Loading the zarr-backed image data#
For processing images tile-by-tile, the data must be stored in a compatible file format in advance, for example as zarr file.
zarr_image = zarr.open("data/P1_H_C3H_M004_17-cropped.zarr", mode="r")
zarr_image.info
Type : Array
Zarr format : 3
Data type : UInt8()
Fill value : 0
Shape : (2000, 5000)
Chunk shape : (100, 100)
Order : C
Read-only : True
Store type : LocalStore
Filters : ()
Serializer : BytesCodec(endian=None)
Compressors : (ZstdCodec(level=0, checksum=False),)
No. bytes : 10000000 (9.5M)
Such a zarr dataset can be converted to a Dask stack:
da.from_zarr(zarr_image)
|
We can also apply image processing to this tiled dataset directly.
Counting nuclei#
For counting the nuclei, we setup a simple image processing workflow. It returns an image with a single pixel containing the number of nuclei in the given input image. These single pixels will be assembled to a pixel count map; an image with much less pixels than the original image, but with the advantage that we can look at it - it’s no big data anymore.cle.exclude_labels_with_map_values_within_range
import numpy as np
from skimage import filters, segmentation, measure, morphology
from scipy import ndimage
def count_nuclei(image, threshold=15):
"""
Label objects in a binary image and produce a pixel-count-map image.
"""
#print("processing image of shape", image.shape)
# Count nuclei including those which touch the image border
# Replace voronoi_otsu_labeling with equivalent scikit-image approach
blurred = filters.gaussian(np.asarray(image), sigma=3.5, preserve_range=True)
binary = blurred > threshold
# Generate seeds for watershed
distance = ndimage.distance_transform_edt(binary)
local_maxima = morphology.local_maxima(distance, footprint=morphology.disk(1))
seeds = measure.label(local_maxima)
# Perform watershed segmentation
labels = segmentation.watershed(-distance, seeds, mask=binary)
# Relabel to ensure sequential numbering
nuclei_count = labels.max()
# Count nuclei excluding those which touch the image border
labels_without_borders = segmentation.clear_border(labels.copy())
# Relabel again
labels_without_borders = measure.label(labels_without_borders > 0)
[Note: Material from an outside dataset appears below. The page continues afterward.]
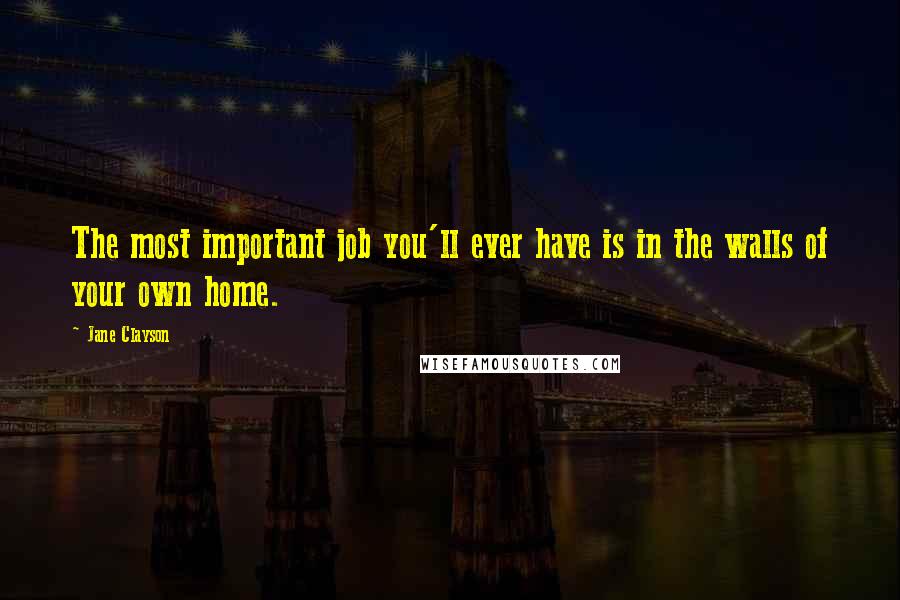 Jane Clayson Quotes: The most important job you'll ever have is in the walls of your own home.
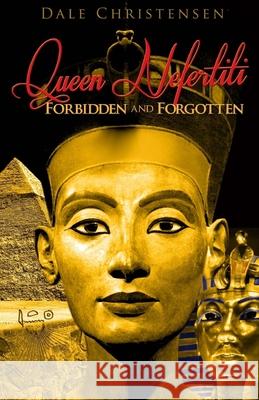 Queen Nefertiti - Forbidden and Forgotten Dale Christensen 9781530534043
nuclei_count_excluding_borders = labels_without_borders.max()
# Both nuclei-count including and excluding nuclei at image borders
# are no good approximation. We should exclude the nuclei only on
# half of the borders to get a good estimate.
# Alternatively, we just take the average of both counts.
result = np.asarray([[(nuclei_count + nuclei_count_excluding_borders) / 2]])
return result
For testing, we apply the function to a subset of the data.
image_crop = np.asarray(zarr_image[1000:1500, 1000:1500])
stackview.insight(image_crop)
|
|
count_nuclei(image_crop)
array([[172.]])
Next, we setup a delayed result by mapping a function on blocks of the data.
tile_map = da.map_blocks(count_nuclei, da.from_zarr(zarr_image))
tile_map
|
As this result image is orders of magnitude smaller then the original, we can compute the whole result map. This is because the count nuclei function reduces the data massively. Each block is turned into a single number.
result = tile_map.compute()
result.shape
(20, 50)
The sum of intensity of all pixels in this image corresponds to the counted number of nuclei in the original image.
result.sum()
np.float64(5545.0)
Again, as the result map is small, we can just visualize it.
stackview.insight(result)
|
|
Sanity check#
Applying the count nuclei
function to the whole zarr image allows us to check for the error of the computation above.
Note that this would not work with big data.
count_nuclei(np.asarray(zarr_image))
array([[5423.5]])
Exercise#
Use the function da.from_zarr(zarr_image).rechunk((500, 500))
to apply cound_nuclei
to differently chunked data. Depending on the chunk size, the error of the method seems different. why?